CEZA seeks common Philippine regulatory fee

The Cagayan Economic Zone Authority wants discussions with the Philippines’ two other online regulatory bodies to establish a common fee structure and regulations to clear up confusion amongst operators in the country.

After coming to power in June last year, President Rodrigo Duterte’s pronouncements on online gambling have shaken confidence in Asia’s only regulated jurisdiction. He first talked of a ban, but then clarified he was just referring to illegal operators who were not paying taxes.

However, the situation was further muddied late last year when land-based regulator the Philippine Amusement and Gaming Corporation was given permission to begin issuing licenses to Philippine Offshore Gaming Operators, known as POGOs. This was in addition to licenses being offered by the First Cagayan Economic Zone and the Aurora Pacific Economic Zone (APECO).

Speaking on day two of the ASEAN Gaming Summit in Manila, CEZA Administrator Jose Mari Ponce said the situation had created uncertainty among operators as to what regulatory structure to follow.

“This is one reason we want to sit down together and once and for all agree what could be the Philippine fee, the regular fee so that there is no confusion from all the operators,” he said.  “We would be able to agree on a common operations, common understanding for the benefit of the government.”

Ponce said authorities are currently working on a new set of guidelines aimed at clarifying the roles of regulators, which are likely to be published in the next few weeks.

He said the proposal is for both APECO and CEZA to be able to offer fiscal and economic incentives to operators setting up in their respective economic zones. In addition, they are also seeking to operate outside of the zones in Philippine Economic Zone Authority approved buildings.

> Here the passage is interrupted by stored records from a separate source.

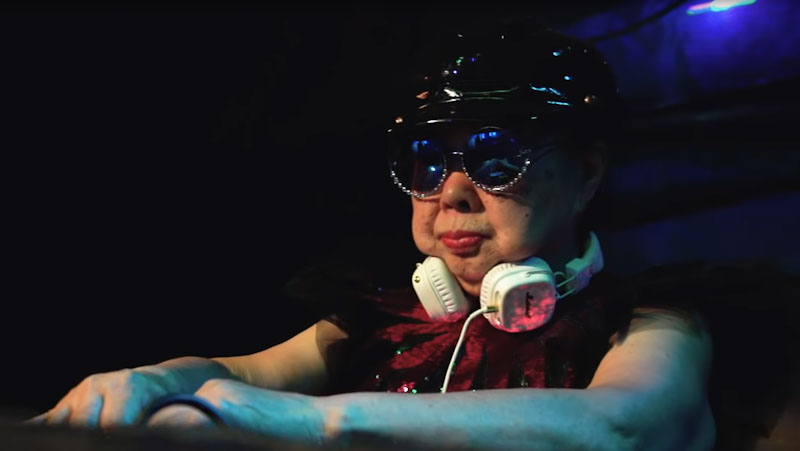 Nenek-nenek Gaul 86 Tahun Ini DJ Tertua di Dunia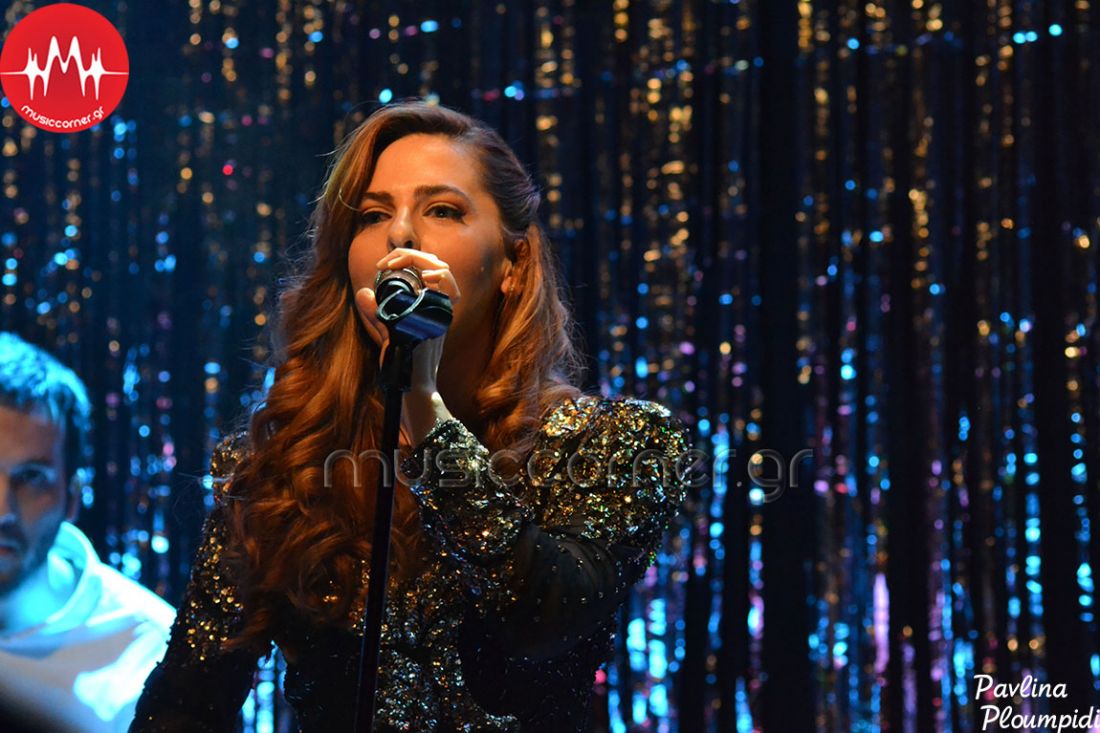 Η Ρένα Μόρφη ως «Σούλη Ανατολή», στο Bookabar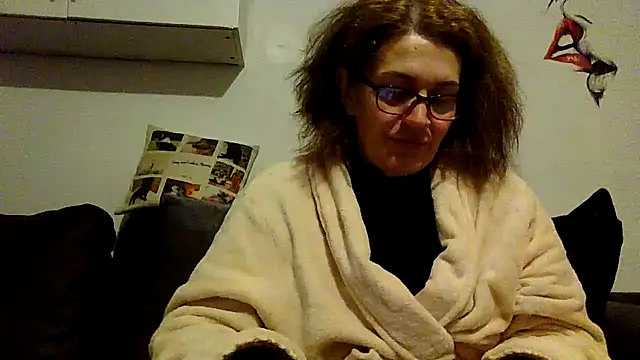 RubyyRosee online show from November 22, 7:00 am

This was a necessary to allow access to the better infrastructure currently available in the capital Manila. CEZA’s ability to operate in these external sites will need to be done in cooperation with APECO and Pagcor.

The uncertainty in the Philippines may be benefiting other regulators elsewhere.

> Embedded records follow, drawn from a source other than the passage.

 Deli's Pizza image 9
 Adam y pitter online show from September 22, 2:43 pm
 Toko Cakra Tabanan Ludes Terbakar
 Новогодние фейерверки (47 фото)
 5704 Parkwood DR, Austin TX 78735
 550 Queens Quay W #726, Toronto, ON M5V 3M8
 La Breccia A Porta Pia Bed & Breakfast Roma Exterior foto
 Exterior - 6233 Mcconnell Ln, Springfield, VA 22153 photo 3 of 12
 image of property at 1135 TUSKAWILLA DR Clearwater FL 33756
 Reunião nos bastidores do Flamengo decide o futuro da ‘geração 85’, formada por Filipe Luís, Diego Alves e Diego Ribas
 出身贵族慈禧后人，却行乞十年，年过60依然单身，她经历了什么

SMP Partners group director David Hudson said on a morning panel discussion there had been an increasing trend of operators from the region seeking licenses in overseas jurisdictions and moving towards a multiple licensing system and the current uncertainty in the Philippines was likely to further drive that trend.

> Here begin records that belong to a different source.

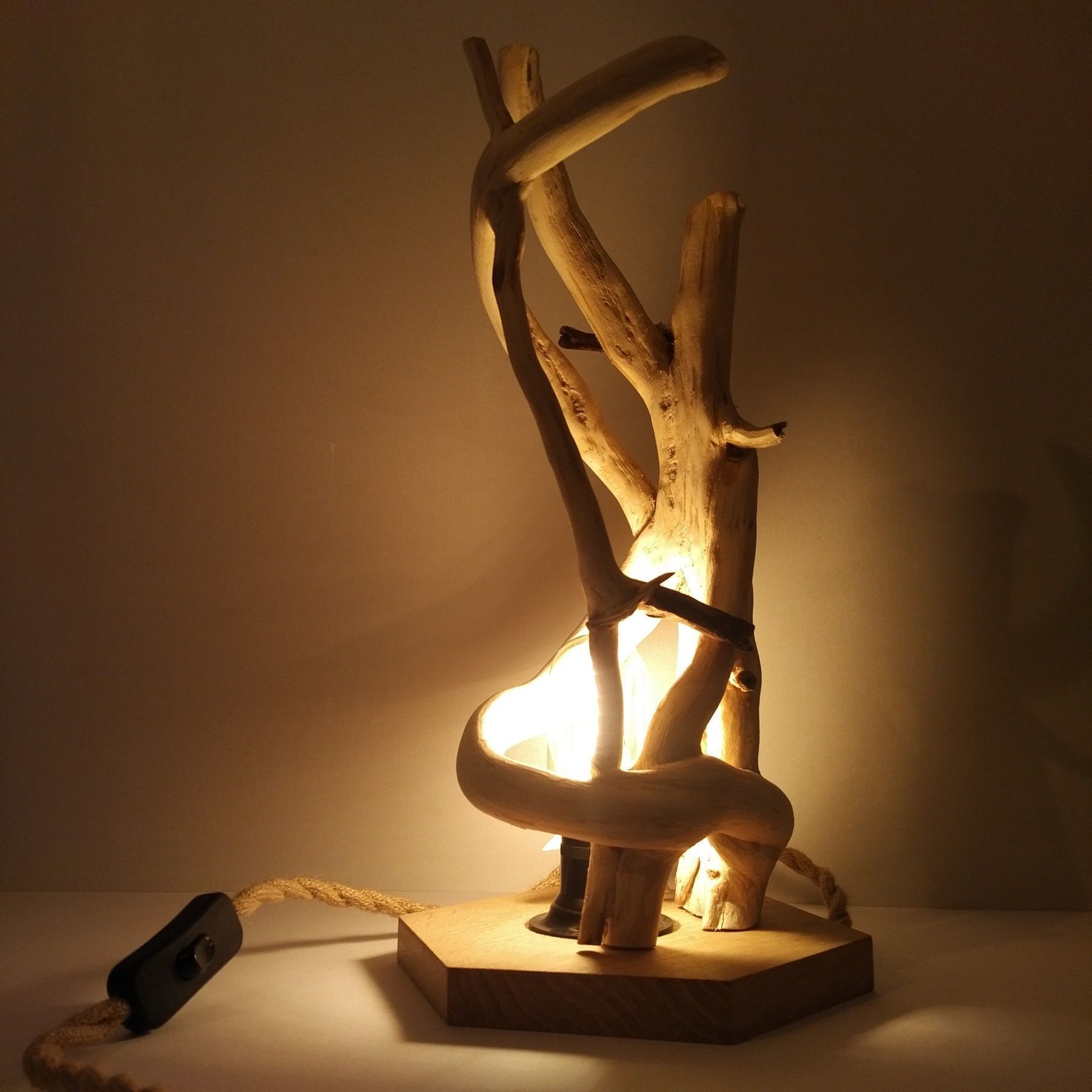 Lampe en bois - Collection chêne et lierre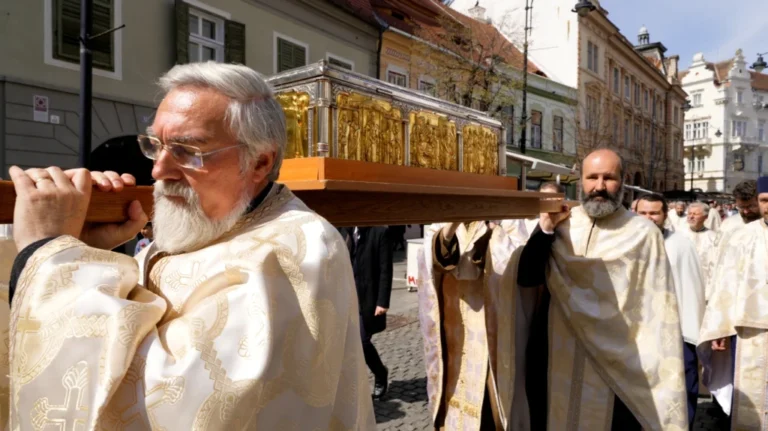 Moaștele Sf. Andrei Șaguna în procesiune prin centrul Sibiului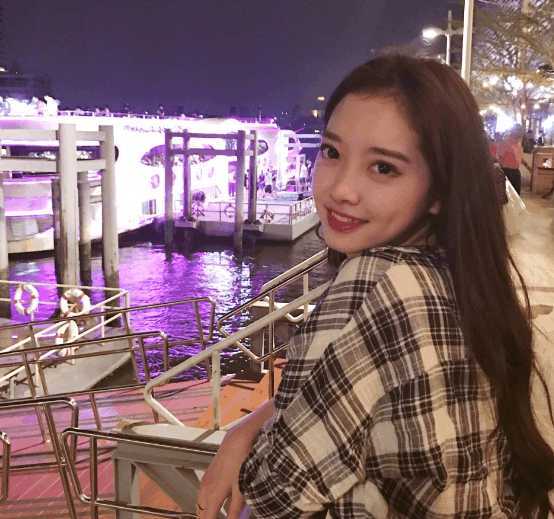3040岁专用头像稳重女稳重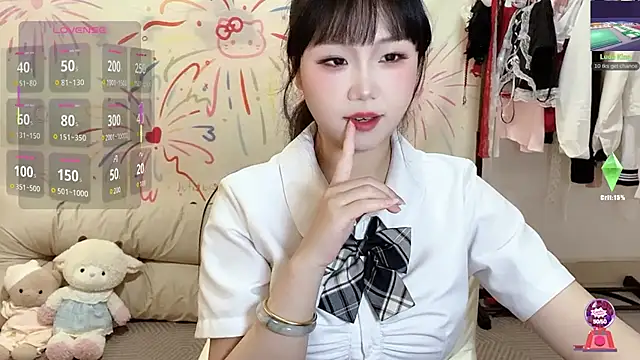 xiaoguai99 online show from 04-08-26, 08:25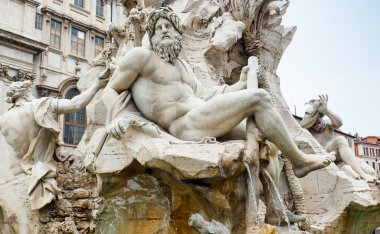 Bernini'nin dört Irmak, Roma Çeşmesi Zeus.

Pagcor began issuing its licenses in December, initially giving out 35 licenses as part of a trial program. Chair Andrea Domingo said on the first day of the ASEAN summit that she has received about 78 applications, though it will favor quality over quantity when it comes to awarding the licenses. The issuance is expected to provide a significant new revenue stream for Pagcor, which earned P9.71 billion ($193.5 million)  in the first two months of this year.

“I think many of those who have been applying to us in this regard do appreciate the fact that we are trying to create a better image of the Philippines in the world by telling them that now we are going to have professional management and there won’t be any criminal activities that can be done in our casinos and in our online gaming stations.”